-- EXERCISE OBJECTIVE --
Reproduce the records below exactly; the images should not appear.

-- SUPPLIED MATERIAL --

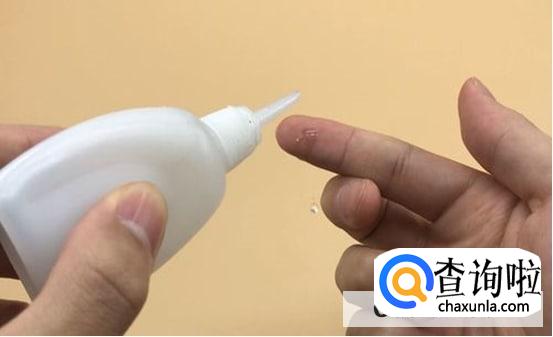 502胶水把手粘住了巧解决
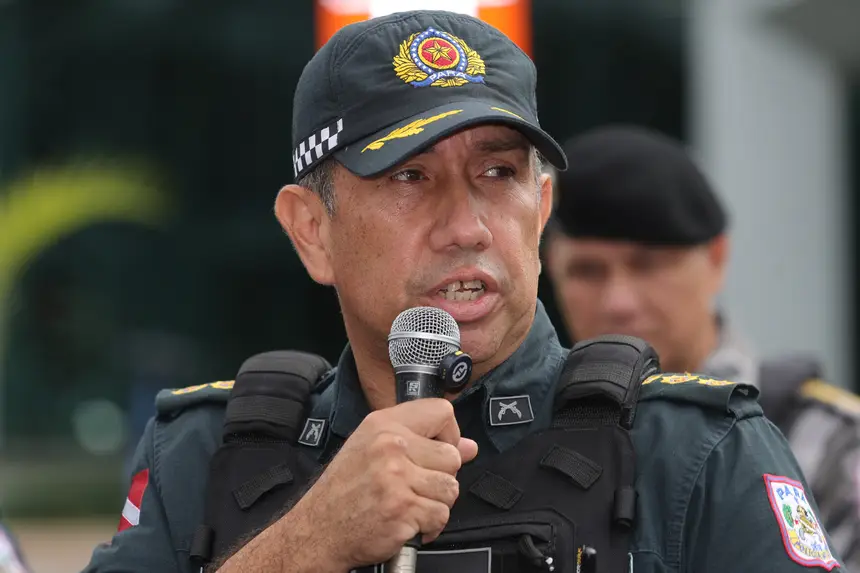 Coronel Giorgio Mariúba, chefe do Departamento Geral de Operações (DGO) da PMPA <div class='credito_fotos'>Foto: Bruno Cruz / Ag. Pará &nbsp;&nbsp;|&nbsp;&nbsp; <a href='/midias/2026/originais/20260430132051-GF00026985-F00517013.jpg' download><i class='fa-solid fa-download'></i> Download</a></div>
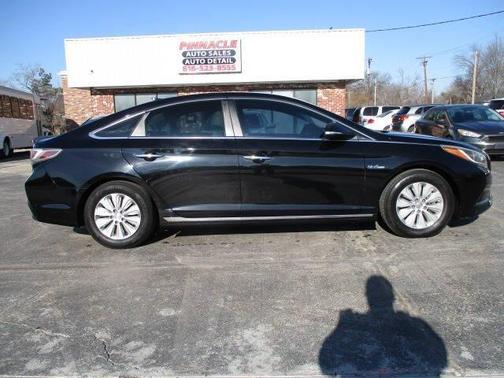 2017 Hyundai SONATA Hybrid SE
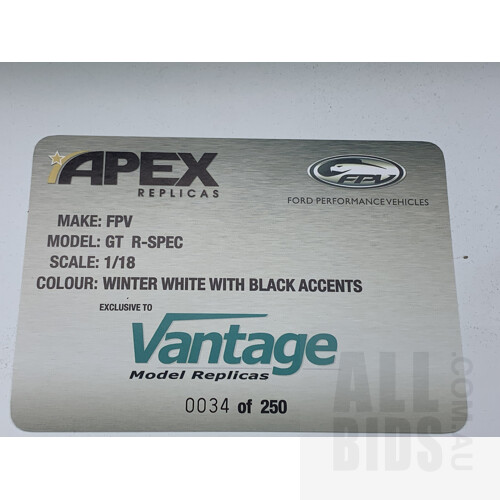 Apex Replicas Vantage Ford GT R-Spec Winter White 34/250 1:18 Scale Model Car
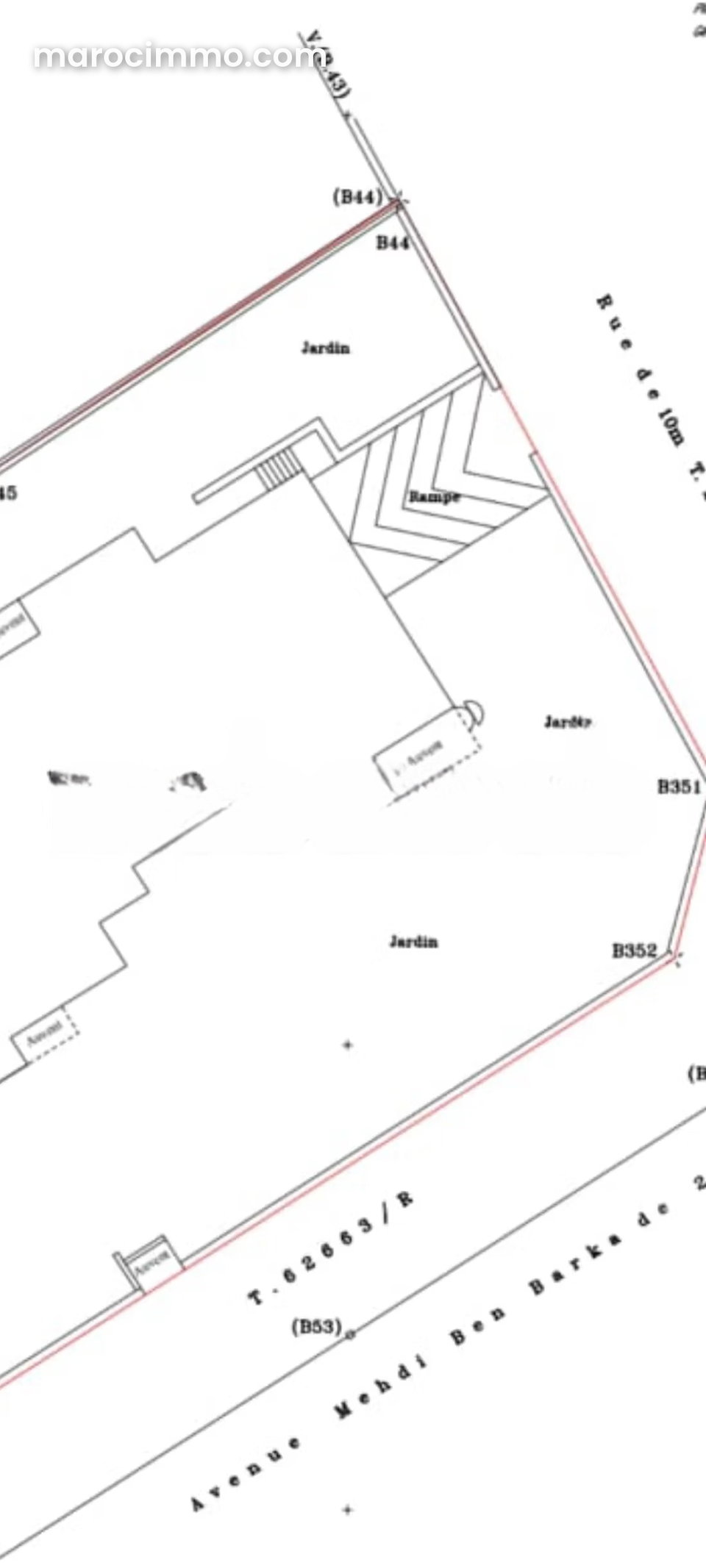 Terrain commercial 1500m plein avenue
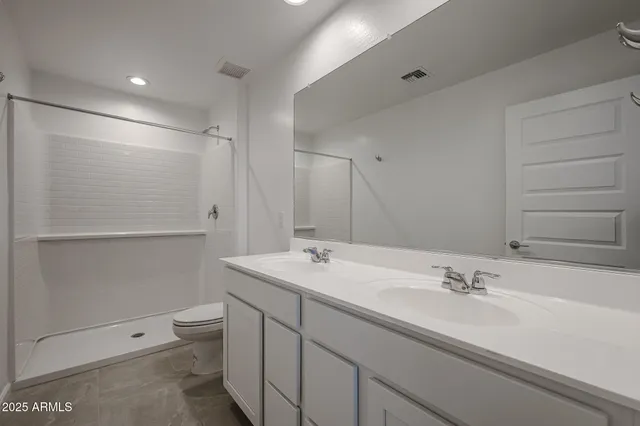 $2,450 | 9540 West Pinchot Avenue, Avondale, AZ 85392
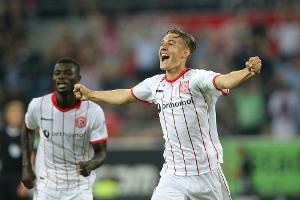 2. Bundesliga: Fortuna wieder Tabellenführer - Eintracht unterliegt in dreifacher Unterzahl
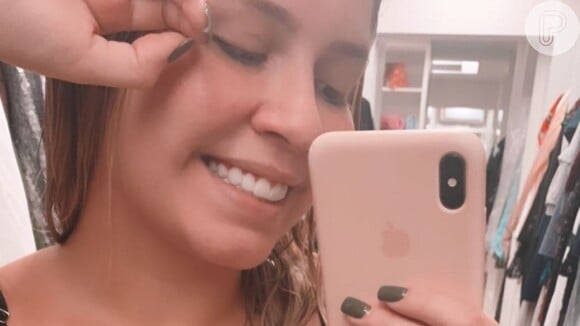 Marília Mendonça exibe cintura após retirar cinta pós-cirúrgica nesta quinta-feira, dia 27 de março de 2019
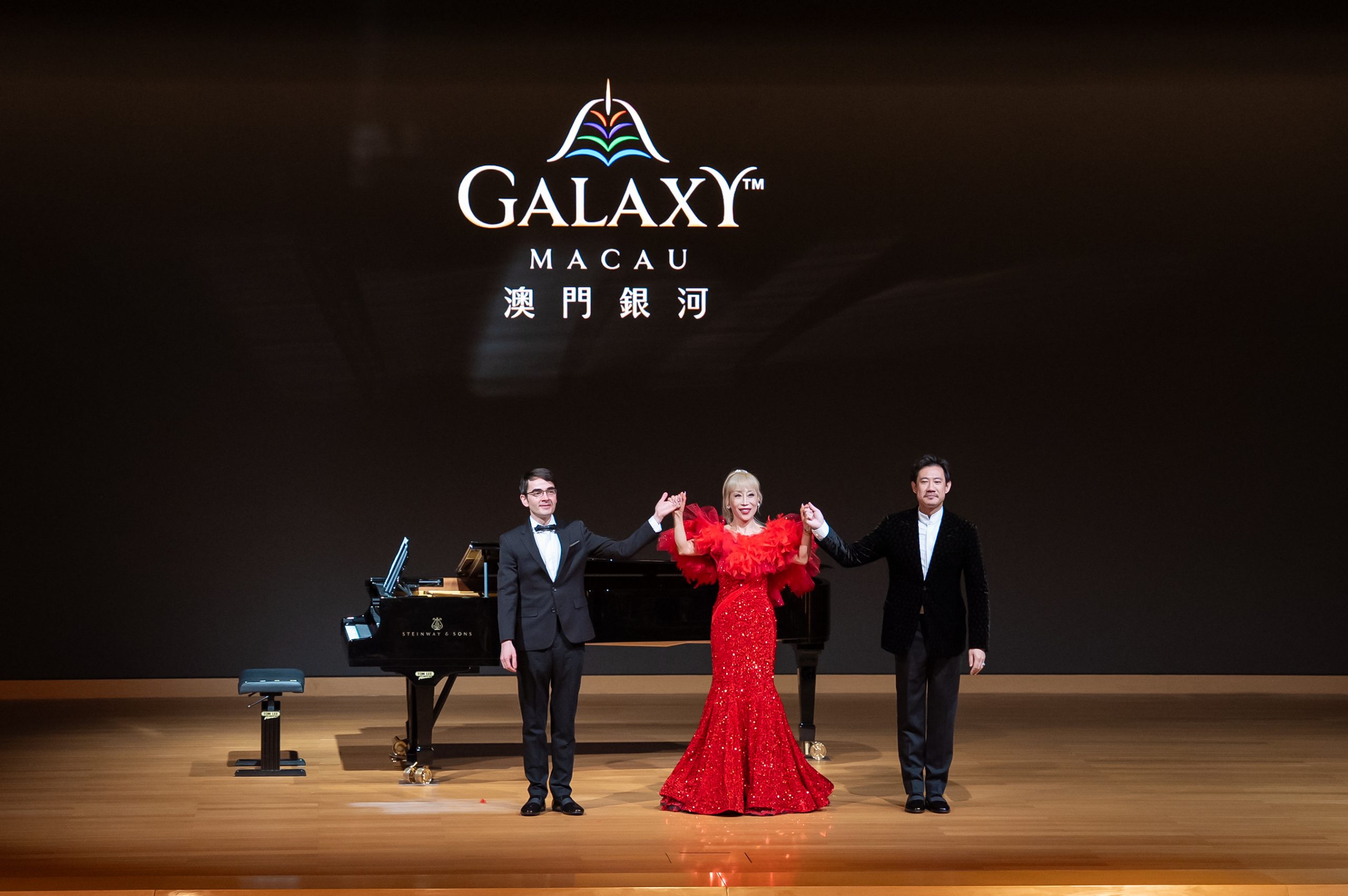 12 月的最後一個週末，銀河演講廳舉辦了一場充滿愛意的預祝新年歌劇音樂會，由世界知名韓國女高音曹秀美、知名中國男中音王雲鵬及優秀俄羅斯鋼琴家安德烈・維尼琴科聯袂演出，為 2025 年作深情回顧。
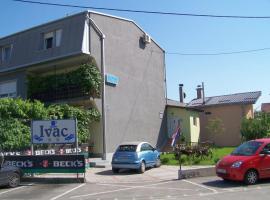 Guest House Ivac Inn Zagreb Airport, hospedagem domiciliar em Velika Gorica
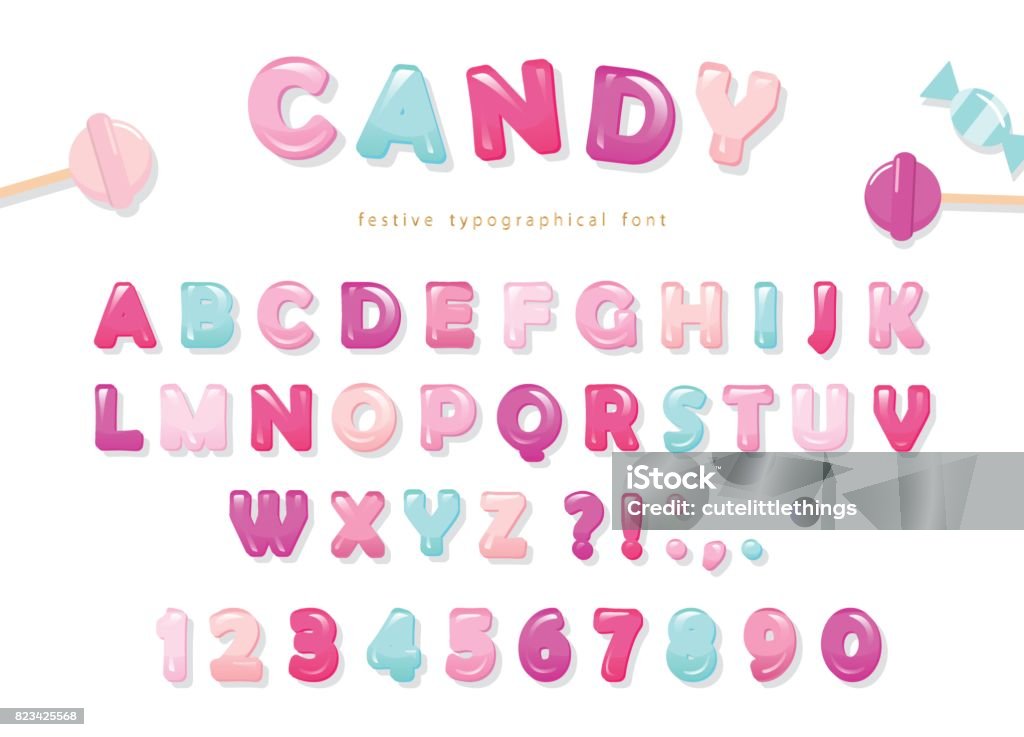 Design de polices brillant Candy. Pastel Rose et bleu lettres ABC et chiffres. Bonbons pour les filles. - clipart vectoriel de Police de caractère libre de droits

-- WRITTEN ANSWER --
 502胶水把手粘住了巧解决
 Coronel Giorgio Mariúba, chefe do Departamento Geral de Operações (DGO) da PMPA <div class='credito_fotos'>Foto: Bruno Cruz / Ag. Pará &nbsp;&nbsp;|&nbsp;&nbsp; <a href='/midias/2026/originais/20260430132051-GF00026985-F00517013.jpg' download><i class='fa-solid fa-download'></i> Download</a></div>
 2017 Hyundai SONATA Hybrid SE
 Apex Replicas Vantage Ford GT R-Spec Winter White 34/250 1:18 Scale Model Car
 Terrain commercial 1500m plein avenue
 $2,450 | 9540 West Pinchot Avenue, Avondale, AZ 85392
 2. Bundesliga: Fortuna wieder Tabellenführer - Eintracht unterliegt in dreifacher Unterzahl
 Marília Mendonça exibe cintura após retirar cinta pós-cirúrgica nesta quinta-feira, dia 27 de março de 2019
 12 月的最後一個週末，銀河演講廳舉辦了一場充滿愛意的預祝新年歌劇音樂會，由世界知名韓國女高音曹秀美、知名中國男中音王雲鵬及優秀俄羅斯鋼琴家安德烈・維尼琴科聯袂演出，為 2025 年作深情回顧。
 Guest House Ivac Inn Zagreb Airport, hospedagem domiciliar em Velika Gorica
 Design de polices brillant Candy. Pastel Rose et bleu lettres ABC et chiffres. Bonbons pour les filles. - clipart vectoriel de Police de caractère libre de droits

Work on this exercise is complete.